02/09/2022

H. EM BUSCA DELFIM - 104 & 105


 

104

 

Apesar de tudo, tenho produzido alguma coisa. Não me refiro a literatura. Refiro-me a trabalho remunerado. Não há-de durar muito. Procuro já outra coisa em que consumir & consumar horas ditas úteis. (Con)vivo com aflições-de-dinheiro há demasiados anos. (Erros-meus-má-fortuna-&-aguardente etc.) Escusado lamentar-me. Escusado arre(arre!)pender-me.

À saída do trabalho, hoje pelas quatro da tarde, imergi na vaga-de-calor. Pareci um sapo sobre lama seca. Ainda assim, dei voltas pró-documentais necessárias. Abonei-me depois esta esplanada sombria, em que escrebebo à pala de cerveja muito fria. (Mas tem de ser bebida depressa, caso contrário coze, mesmo à sombra.)

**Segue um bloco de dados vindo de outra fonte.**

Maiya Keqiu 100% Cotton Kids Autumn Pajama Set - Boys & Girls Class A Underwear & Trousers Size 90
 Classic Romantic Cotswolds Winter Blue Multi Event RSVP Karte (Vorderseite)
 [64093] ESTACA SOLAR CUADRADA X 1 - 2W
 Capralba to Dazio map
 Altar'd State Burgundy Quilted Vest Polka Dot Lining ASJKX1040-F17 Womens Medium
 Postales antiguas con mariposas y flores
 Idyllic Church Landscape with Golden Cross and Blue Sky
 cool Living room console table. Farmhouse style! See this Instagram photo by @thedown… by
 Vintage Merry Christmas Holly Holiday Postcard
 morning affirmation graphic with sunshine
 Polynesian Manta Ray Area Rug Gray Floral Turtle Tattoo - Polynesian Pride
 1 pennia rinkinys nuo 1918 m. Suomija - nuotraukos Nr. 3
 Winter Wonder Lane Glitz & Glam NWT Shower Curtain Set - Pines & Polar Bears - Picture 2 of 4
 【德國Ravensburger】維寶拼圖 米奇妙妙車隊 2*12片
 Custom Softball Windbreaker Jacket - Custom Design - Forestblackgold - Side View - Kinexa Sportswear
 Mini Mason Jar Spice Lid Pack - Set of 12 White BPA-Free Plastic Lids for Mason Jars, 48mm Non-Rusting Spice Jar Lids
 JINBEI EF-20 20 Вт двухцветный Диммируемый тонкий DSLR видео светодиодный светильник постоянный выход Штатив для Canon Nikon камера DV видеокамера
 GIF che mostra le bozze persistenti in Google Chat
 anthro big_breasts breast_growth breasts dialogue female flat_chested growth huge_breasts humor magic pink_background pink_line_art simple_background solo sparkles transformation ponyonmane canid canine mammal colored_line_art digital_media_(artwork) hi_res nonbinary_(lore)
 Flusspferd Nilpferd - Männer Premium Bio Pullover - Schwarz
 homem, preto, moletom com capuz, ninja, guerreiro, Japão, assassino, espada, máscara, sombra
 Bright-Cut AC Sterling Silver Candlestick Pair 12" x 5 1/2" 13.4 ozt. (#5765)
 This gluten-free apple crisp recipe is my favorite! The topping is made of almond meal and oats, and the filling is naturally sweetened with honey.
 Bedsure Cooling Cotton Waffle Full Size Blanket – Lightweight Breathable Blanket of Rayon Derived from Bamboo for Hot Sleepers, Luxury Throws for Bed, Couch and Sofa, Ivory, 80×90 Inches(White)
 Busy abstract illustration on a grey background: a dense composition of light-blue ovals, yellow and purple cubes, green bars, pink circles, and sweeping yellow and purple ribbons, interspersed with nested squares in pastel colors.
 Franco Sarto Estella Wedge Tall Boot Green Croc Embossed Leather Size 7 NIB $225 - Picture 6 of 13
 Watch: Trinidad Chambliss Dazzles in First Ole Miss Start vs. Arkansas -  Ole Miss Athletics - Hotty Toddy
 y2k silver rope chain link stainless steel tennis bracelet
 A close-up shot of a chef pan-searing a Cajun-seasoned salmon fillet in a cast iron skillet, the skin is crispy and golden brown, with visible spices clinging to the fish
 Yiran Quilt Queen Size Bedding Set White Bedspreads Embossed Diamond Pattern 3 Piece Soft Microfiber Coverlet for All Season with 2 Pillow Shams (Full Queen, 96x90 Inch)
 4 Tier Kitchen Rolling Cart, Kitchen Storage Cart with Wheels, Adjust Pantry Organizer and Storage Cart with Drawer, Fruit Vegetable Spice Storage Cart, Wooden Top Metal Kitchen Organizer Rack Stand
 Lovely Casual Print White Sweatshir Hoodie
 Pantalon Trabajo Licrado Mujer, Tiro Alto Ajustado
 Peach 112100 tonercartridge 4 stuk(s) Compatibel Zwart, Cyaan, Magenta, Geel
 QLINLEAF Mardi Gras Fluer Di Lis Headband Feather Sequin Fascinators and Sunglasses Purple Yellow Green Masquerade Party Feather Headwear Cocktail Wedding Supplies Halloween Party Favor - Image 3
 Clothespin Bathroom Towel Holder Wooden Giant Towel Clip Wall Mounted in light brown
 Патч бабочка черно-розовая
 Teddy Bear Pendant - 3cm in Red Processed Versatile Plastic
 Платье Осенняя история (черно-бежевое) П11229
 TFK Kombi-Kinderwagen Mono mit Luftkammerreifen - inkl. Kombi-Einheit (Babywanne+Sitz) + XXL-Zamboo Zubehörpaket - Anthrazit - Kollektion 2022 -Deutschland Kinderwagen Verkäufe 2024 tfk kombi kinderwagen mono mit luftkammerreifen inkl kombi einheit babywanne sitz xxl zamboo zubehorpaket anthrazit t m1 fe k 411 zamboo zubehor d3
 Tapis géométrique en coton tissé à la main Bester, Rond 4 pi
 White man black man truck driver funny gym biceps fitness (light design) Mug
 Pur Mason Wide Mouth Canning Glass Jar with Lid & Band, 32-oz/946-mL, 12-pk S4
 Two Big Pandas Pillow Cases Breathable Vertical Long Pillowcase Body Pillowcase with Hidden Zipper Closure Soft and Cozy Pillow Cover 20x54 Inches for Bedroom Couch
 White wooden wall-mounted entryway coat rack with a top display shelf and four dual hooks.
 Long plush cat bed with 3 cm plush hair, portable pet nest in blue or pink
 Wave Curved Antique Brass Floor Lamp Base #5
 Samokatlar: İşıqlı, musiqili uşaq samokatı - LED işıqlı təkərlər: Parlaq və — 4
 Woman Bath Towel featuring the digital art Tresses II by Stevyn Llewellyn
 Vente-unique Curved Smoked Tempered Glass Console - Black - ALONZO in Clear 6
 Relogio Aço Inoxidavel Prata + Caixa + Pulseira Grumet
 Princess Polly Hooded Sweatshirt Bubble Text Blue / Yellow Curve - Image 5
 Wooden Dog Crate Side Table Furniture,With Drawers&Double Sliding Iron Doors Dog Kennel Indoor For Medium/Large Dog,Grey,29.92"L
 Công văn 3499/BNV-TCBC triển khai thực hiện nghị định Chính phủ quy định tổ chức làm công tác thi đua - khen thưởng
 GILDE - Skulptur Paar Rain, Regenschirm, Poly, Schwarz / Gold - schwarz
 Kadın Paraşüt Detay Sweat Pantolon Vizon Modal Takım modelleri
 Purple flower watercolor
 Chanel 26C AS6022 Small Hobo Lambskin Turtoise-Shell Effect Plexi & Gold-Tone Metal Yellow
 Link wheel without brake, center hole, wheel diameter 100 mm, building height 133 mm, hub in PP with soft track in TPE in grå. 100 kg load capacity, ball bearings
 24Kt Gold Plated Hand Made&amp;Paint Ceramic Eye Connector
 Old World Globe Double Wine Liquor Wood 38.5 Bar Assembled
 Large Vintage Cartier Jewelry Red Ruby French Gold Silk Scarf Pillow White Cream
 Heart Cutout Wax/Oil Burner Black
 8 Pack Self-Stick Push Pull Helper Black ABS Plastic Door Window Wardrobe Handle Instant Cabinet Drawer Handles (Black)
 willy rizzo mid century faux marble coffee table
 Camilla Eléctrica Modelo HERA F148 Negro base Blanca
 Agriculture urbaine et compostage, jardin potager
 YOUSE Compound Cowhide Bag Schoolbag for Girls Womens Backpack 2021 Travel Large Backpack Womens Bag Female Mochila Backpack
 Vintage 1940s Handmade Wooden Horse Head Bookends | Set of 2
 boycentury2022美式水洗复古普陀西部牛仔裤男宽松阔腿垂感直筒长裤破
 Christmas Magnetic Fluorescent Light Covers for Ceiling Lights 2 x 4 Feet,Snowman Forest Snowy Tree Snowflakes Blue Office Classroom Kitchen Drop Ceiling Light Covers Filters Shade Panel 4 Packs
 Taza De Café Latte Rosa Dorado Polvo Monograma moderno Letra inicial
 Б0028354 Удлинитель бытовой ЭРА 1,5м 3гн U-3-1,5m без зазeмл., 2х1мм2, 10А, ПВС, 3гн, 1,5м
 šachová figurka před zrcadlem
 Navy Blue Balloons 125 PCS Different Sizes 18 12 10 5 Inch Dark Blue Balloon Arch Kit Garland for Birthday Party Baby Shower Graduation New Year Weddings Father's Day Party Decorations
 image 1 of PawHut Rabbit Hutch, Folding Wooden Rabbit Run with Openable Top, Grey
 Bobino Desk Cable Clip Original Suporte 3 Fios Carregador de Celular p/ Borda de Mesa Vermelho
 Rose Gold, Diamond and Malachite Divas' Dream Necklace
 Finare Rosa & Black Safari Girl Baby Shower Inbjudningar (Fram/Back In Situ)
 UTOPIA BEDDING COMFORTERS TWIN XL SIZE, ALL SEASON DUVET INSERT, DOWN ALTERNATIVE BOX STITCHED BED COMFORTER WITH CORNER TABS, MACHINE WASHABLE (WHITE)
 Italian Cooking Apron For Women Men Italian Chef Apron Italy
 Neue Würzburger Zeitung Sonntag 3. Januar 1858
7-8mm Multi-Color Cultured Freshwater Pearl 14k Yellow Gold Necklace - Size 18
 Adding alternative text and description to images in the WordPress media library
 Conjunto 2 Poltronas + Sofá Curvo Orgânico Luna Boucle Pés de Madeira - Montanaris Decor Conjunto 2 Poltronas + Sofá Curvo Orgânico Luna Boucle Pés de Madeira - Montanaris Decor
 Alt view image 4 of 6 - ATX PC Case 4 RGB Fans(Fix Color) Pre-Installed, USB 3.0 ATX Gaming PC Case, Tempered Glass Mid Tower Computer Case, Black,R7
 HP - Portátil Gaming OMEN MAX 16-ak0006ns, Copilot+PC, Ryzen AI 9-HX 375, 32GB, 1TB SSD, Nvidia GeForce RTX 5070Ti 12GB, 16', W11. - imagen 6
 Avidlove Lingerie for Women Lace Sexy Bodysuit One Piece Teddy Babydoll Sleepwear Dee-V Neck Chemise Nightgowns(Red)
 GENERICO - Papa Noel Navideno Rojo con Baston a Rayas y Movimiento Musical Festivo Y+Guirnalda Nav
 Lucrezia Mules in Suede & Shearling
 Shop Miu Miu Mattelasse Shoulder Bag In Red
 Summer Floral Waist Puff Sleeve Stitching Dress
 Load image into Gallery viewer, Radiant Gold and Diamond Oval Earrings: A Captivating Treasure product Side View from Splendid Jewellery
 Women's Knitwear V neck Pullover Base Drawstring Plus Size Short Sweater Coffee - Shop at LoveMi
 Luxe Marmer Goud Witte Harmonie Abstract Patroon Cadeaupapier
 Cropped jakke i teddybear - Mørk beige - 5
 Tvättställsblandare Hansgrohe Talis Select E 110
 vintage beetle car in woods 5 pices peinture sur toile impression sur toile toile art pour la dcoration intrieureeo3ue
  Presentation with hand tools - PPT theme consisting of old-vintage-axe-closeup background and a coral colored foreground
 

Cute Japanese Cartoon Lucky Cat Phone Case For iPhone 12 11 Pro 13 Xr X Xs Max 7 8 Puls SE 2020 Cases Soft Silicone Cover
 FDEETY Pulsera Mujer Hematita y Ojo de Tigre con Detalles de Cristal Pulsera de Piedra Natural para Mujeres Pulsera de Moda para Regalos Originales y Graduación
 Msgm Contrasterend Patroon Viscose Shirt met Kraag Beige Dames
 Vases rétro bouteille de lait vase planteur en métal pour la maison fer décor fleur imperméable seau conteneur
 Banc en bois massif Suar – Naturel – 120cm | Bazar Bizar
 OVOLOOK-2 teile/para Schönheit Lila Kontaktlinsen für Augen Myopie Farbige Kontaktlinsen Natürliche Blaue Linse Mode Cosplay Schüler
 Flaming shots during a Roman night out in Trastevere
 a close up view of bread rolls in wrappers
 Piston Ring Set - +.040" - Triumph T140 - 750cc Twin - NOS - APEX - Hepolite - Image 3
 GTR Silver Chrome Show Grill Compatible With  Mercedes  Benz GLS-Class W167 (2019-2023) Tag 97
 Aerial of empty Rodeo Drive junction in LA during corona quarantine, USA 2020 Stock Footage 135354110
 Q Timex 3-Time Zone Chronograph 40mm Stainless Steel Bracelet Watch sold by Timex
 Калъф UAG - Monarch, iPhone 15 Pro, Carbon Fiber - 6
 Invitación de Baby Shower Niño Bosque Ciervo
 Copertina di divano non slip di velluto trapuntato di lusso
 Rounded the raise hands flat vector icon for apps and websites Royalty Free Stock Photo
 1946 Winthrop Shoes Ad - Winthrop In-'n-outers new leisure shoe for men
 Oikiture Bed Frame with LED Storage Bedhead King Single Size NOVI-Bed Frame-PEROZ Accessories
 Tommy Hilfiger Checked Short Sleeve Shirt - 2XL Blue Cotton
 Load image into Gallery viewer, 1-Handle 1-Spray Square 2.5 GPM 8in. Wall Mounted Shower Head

Um Amigo safou-me de um aperto com a S.S.: sim, tu, boníssimo Delfim. (Não, não a S.S. de Himmler, sim a nossa própria Segurança Social de pós-25-d´-Abril.) Como dizem os tesos-proletários-de-todo-o-mundo-Coimbra-incluída (incluindo ateus & agnósticos): “Deus-te-pague”.

Falta-me produzir mais para pagar o que & a quem (tanto) devo.


 

105

 

É muita gentileza da tua parte

Alguma coisa eu diga ainda quereres (= creres)

Não és, eu sei, como o vulgo de mulheres

Que confundem sentimento com arte.

 

Tem sido mau o Verão, mau ’inda ser vivo

Eu sobrevivo mal à estufa crematória

Por verso, foi jamais ’ma grande história

A minha, que aqui suo morto-vivo.

 

O juvenil Camus ando ora lendo

Lapijo sublinhados mui constantes

Nada de amanhã encanta os antes

Instantes ’ind’assim eu vou vencendo.

 

Em Darmstadt como, digo eu, em Trouxemil

As chances de morrer são mais que mil

Perpetuidades só as do absurdo cruel

Que nenhum céu guarda a ouropel.

 

Lebre de Março Montarroio Lagoa

Professor das Belas-Artes (aposentado)

Vendeu do Areeiro, em Lisboa,

A casa a Malinverno Acabado.

 

Montar ’ma mulher & montar uma arma

Não são antónimos tão, quão se pensa nisso.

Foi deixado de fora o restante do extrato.